Jan 26 2008

Why I don’t sign NDAs

An entrepreneur started a meeting with me a few days ago by asking me to sign a non-disclosure agreement.  I politely declined and thought I’d back that up with a post on the subject (I recall reading a few other VC blogger’s views on NDAs in past years – there’s certainly no lack of thought on the subject, although it does seem to consistently come up every year).

VC’s, as a general rule, won’t sign NDAs. No – we’re not trying to steal ideas from entrepreneurs or pass confidential information along.  We’re just not in a position to review, negotiate and keep track of literally thousands of NDAs that would result if we started signing them on a regular basis.  Here are a few specifics from my point of view:

  • VC’s have little but their reputation.  I can think of few industries where individual reputation plays such a large and transparent role as it does in venture capital.  As a VC, I have little more to trade on than the reputation I’ve built up with entrepreneurs, my investors, other VC’s, etc.  Destroying this by sharing confidential information would just be plain stupid.

  • I can’t manage that many NDAs.  It’s hard to imagine the challenge of managing a few thousand or a few tens of thousand of NDAs if we started signing them for every company meeting or business plan that we received.  Even if I put them all on my own form (so that they were in theory all uniform in their requirements) it would be impossible to keep track of what information was presented and for what purpose. 

  • I meet with competing companies. In the course of a year I see hundreds of business plans and take meetings with maybe 100 companies.  In some cases these companies have similar ideas for products, are in similar markets or occasionally are direct competitors with one another.  While I don’t trade information across companies, it could appear that way if I’ve met with two competitors or if one of the companies I’ve met with changes direction and starts to look like another company I met with at.  I’d hate to get caught in the middle of a legal mess, exacerbated because I had NDAs in place with both companies.

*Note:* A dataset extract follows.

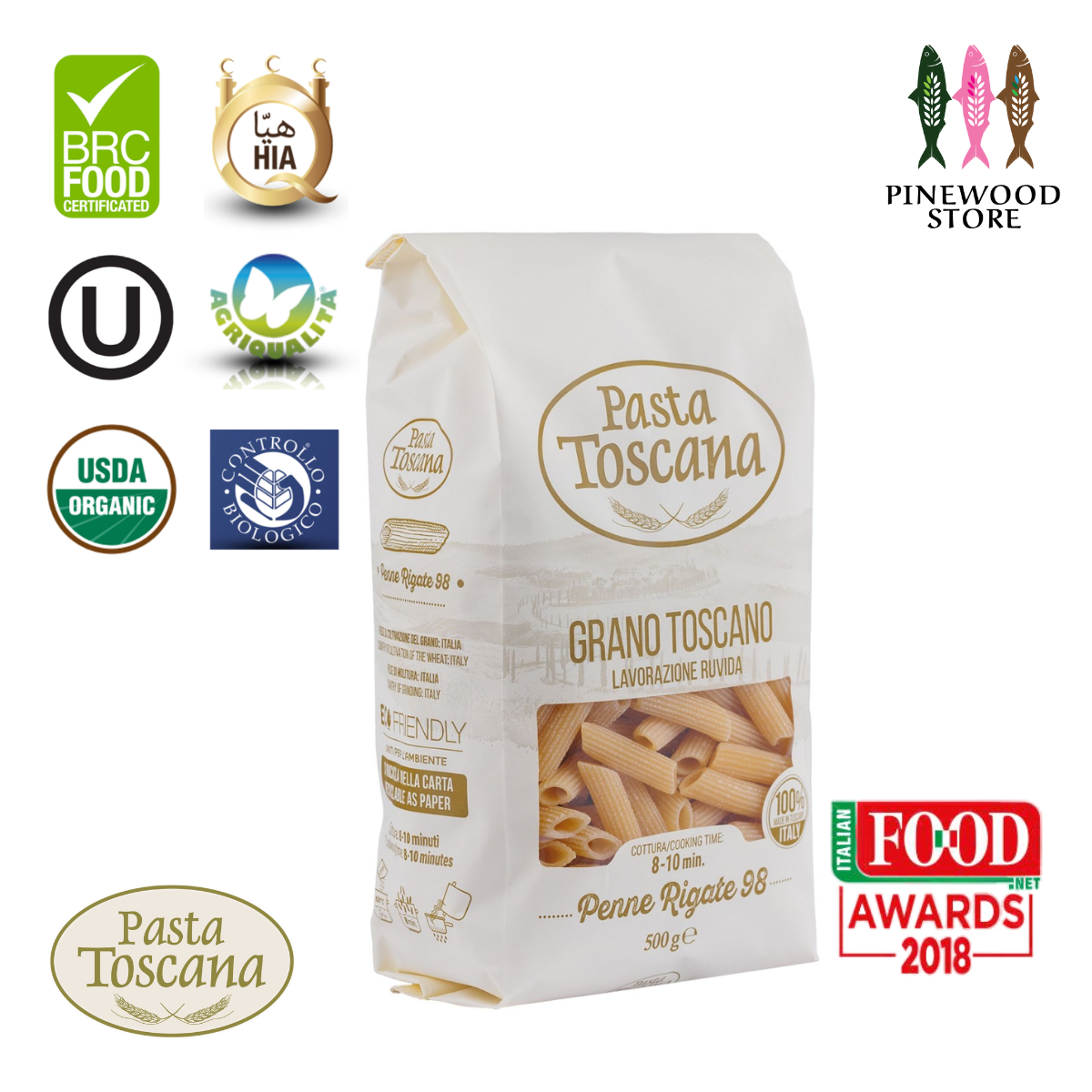 Pasta Toscana Premium Classic Pasta-Penne Rigate #98 – pinewoodstorehk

  • I don’t know who my partners are meeting with.  At Foundry, we tend to take a team approach to looking at deals and we have pretty advanced systems for tracking what deals we’re looking closely at.  That said, I don’t know every company that my partners have reviewed a business plan for or have taken a meeting with.  Not only can I not manage that many NDA’s from bullet 2, but as a firm, we can’t manage the added complexity of who has seen what from what company in what context.